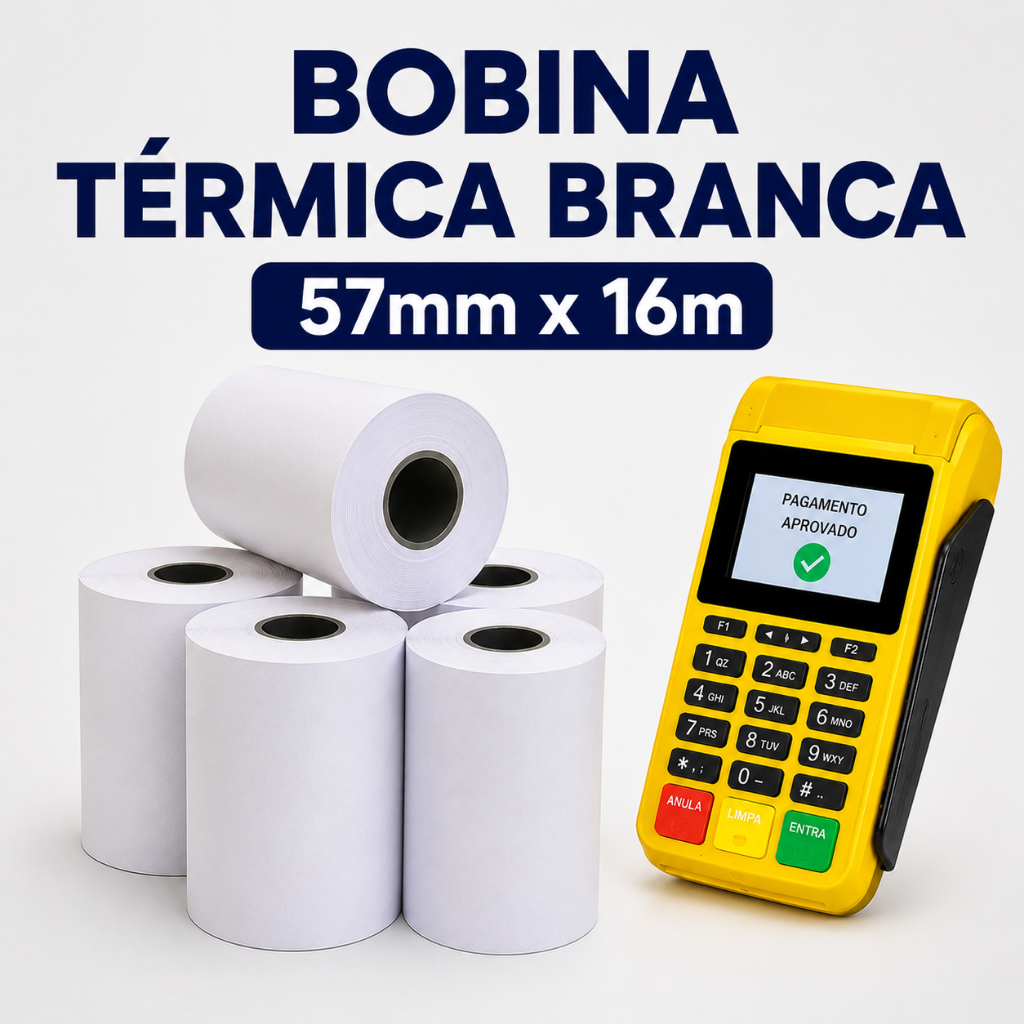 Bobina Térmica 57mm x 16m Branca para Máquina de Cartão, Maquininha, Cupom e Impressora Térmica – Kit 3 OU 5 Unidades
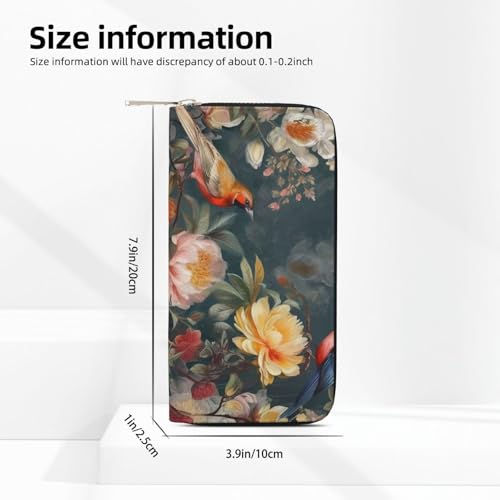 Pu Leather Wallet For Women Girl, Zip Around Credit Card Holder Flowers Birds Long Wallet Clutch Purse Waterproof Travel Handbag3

########

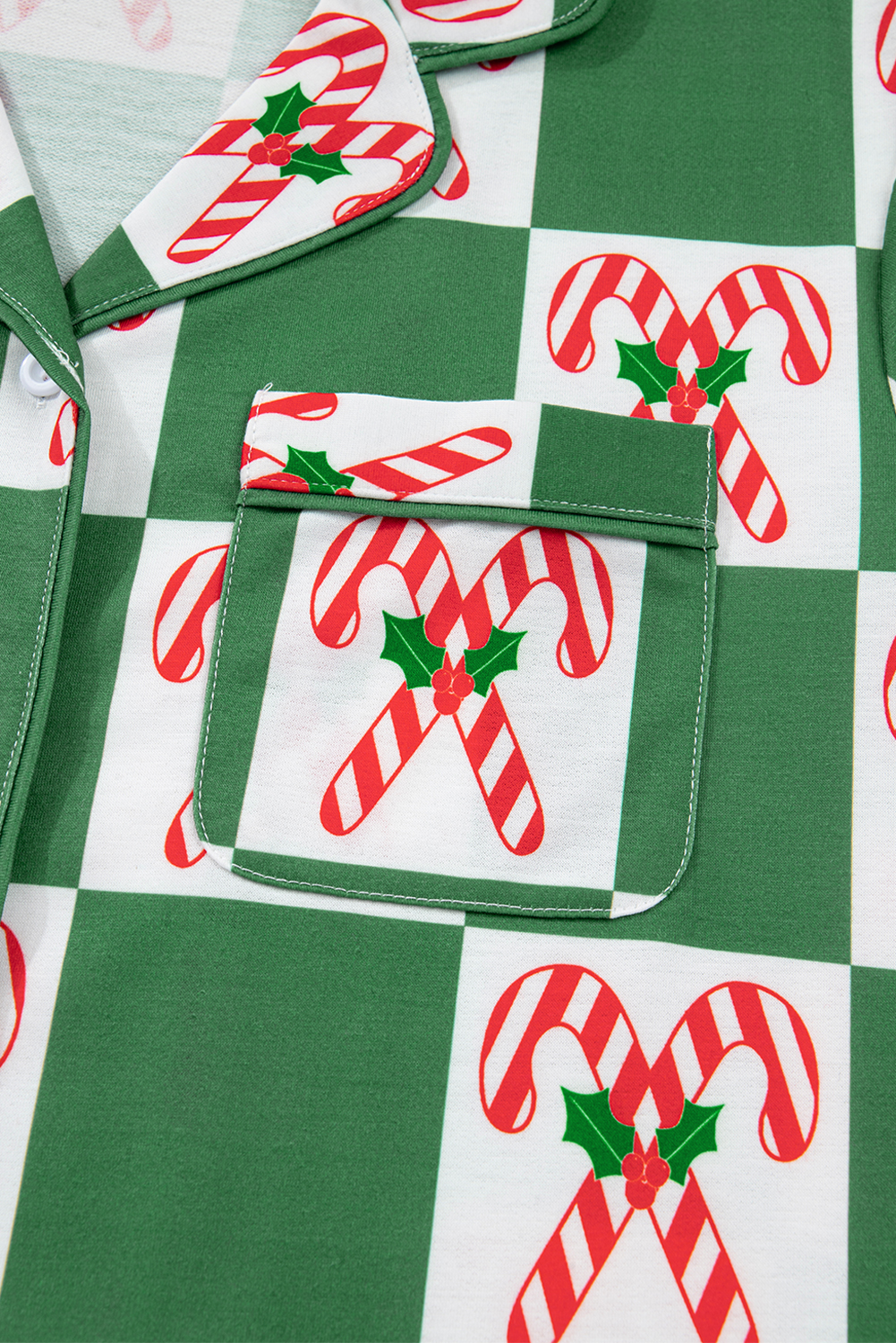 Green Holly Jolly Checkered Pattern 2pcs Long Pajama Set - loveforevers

########

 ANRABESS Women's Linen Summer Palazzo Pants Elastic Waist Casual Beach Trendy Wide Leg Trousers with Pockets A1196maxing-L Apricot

########

### Your goal
Word for word, write out the lines above running from the one with "Bobina Térmica 57mm" up to and including the one with "Pu Leather Wallet". Drop any picture.

### Reply to the exercise
 Bobina Térmica 57mm x 16m Branca para Máquina de Cartão, Maquininha, Cupom e Impressora Térmica – Kit 3 OU 5 Unidades
 Pu Leather Wallet For Women Girl, Zip Around Credit Card Holder Flowers Birds Long Wallet Clutch Purse Waterproof Travel Handbag3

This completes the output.